Believing in magic was risky. It was foolish. It went against everything he’d been taught his entire life—everything his family worked so hard to protect. Order. Logic. Reality. But here, he saw magic in front of him, as real as his own reflection. If he let himself believe, he’d have to change his entire concept of himself. For the first time, that didn’t seem so scary.

She considered whether or not to follow the imp. Sure, she could play it safe. But then she’d never know. Everyone kept saying that she needed to listen to her heart. Well, her heart was telling her to take this once-in-a-lifetime chance.

Instead of questions, we have characters declaring themselves. Weighing their options. Considering the issues in more depth. Coming to decisions.

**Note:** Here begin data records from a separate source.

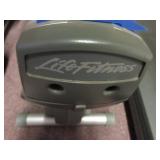 LIFE FITNESS RECUMBENT EXERCISE BIKE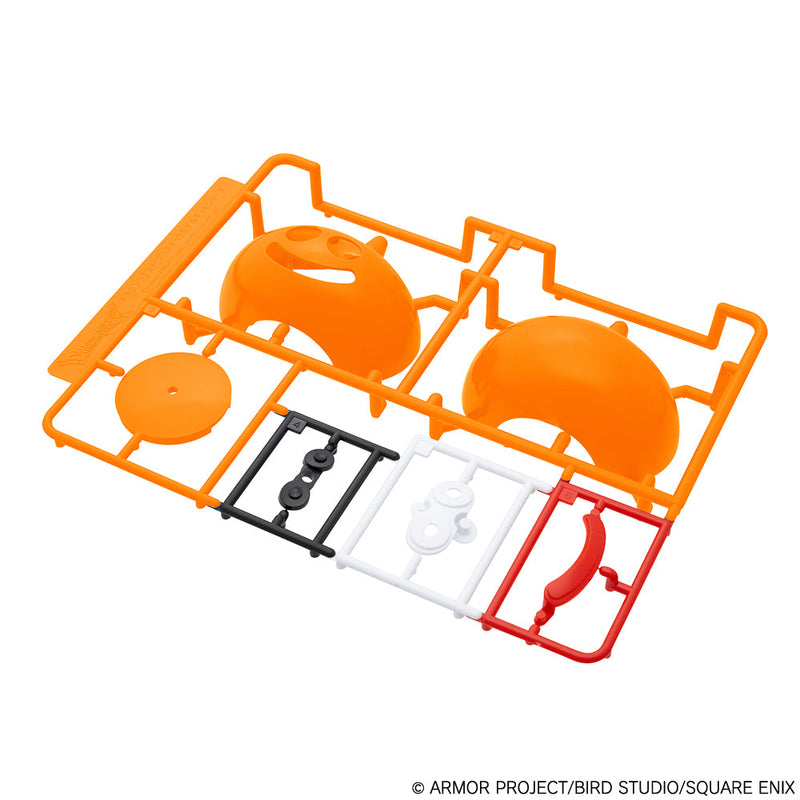 Square Enix Dragon Quest Kit de maquettes en plastique série She-slime avec base de prairie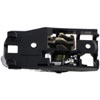 Interior Door Handle Front Left Rear Left Beige and Chrome - image 2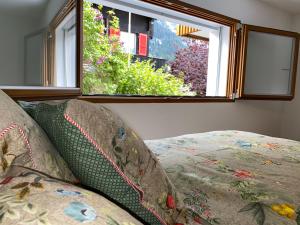 Letto o letti in una camera di Velvet Eiger
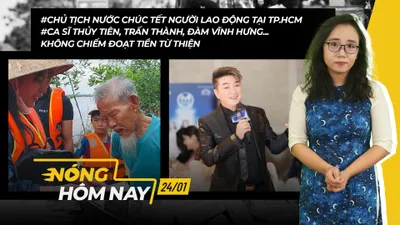 Nóng hôm nay: Ca sĩ Thủy Tiên, Đàm Vĩnh Hưng... không chiếm đoạt tiền từ thiện 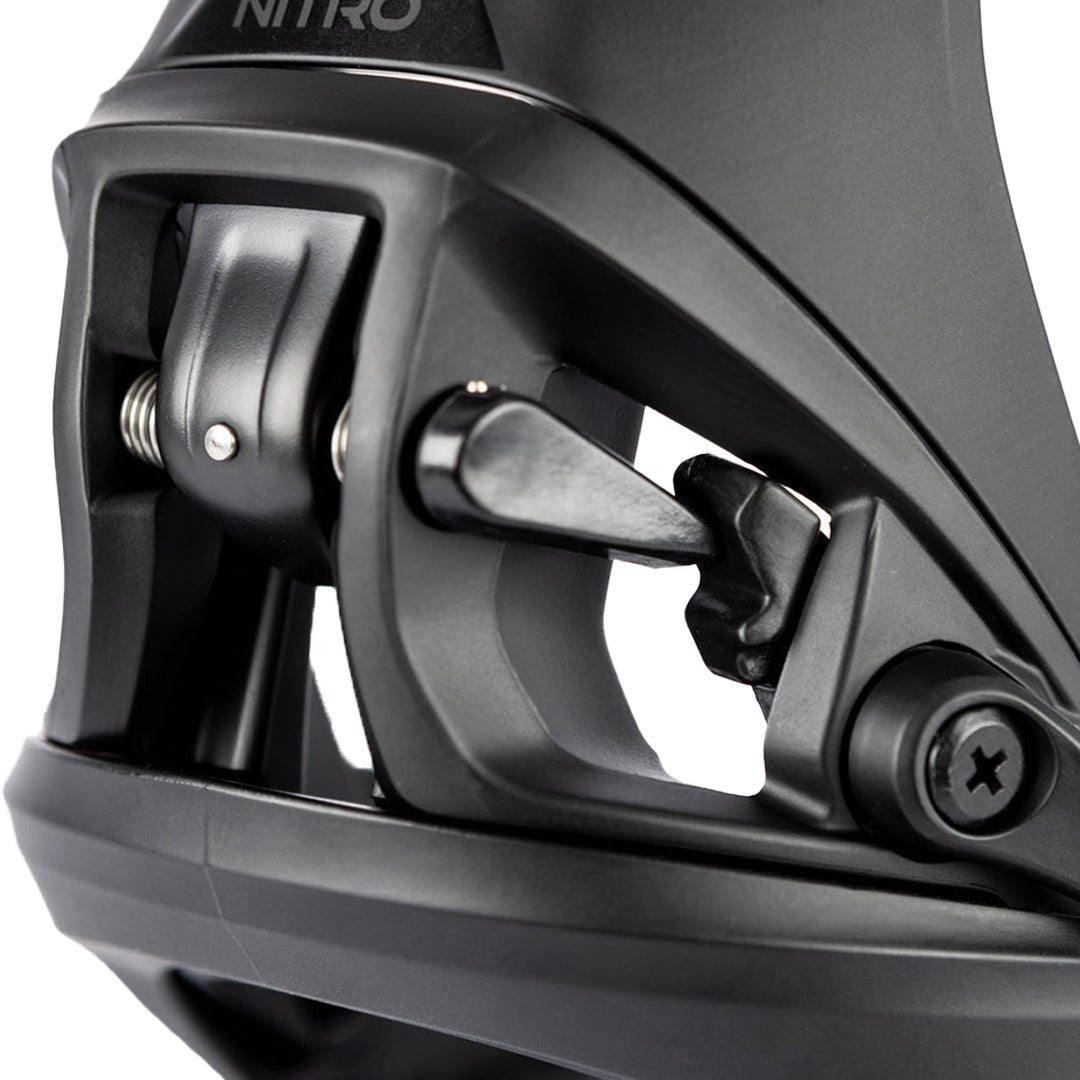 NITRO(ナイトロ)| NITRO STEP ON SNOWBOARD BINDINGS 2026 / ULTRA BLACK | スノーボード・スケートボードのTACTICS JAPAN
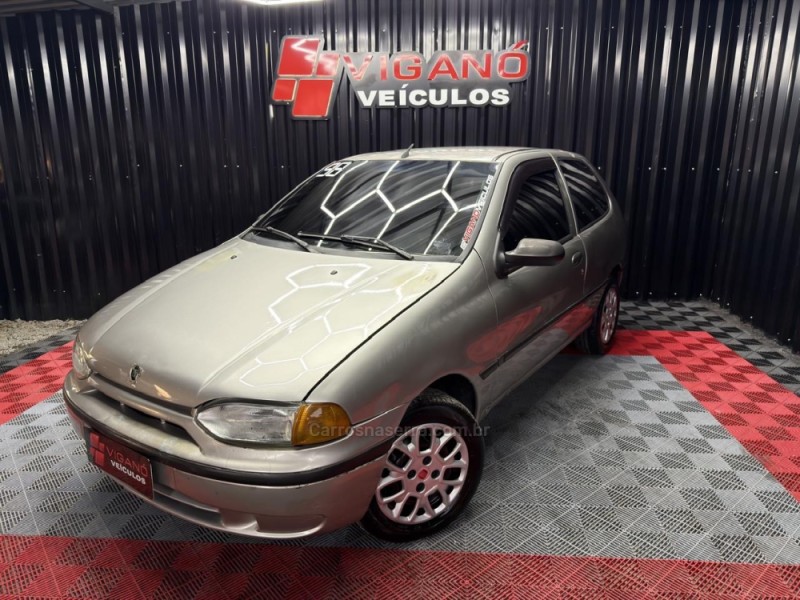 palio 1.0 mpi ed 8v gasolina 2p manual 1998 caxias do sul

Nothing Rhetorical About It

At the end of the day, you’re the writer. It’s your job to present the story, put the issues out there, and lead readers through the character’s decision-making process so that we get to know that character on a deeper level.

I’ve recently had a rash of manuscripts where writers are relying too much on the rhetorical question in important moments—in essence, asking the reader to create part of the story and do the character’s heavy lifting.

Instead, answer these questions where you find them in your manuscript. You’ll be rewarded in terms of depth and nuance and a better understanding of your character and story, which you can them transmit to your readers.

Struggling with asking the right questions? With answering them? Partner with me as your developmental editor, and we’ll get down to the marrow of your fiction together.

Gail Carson Levine Podcast and Giveaway!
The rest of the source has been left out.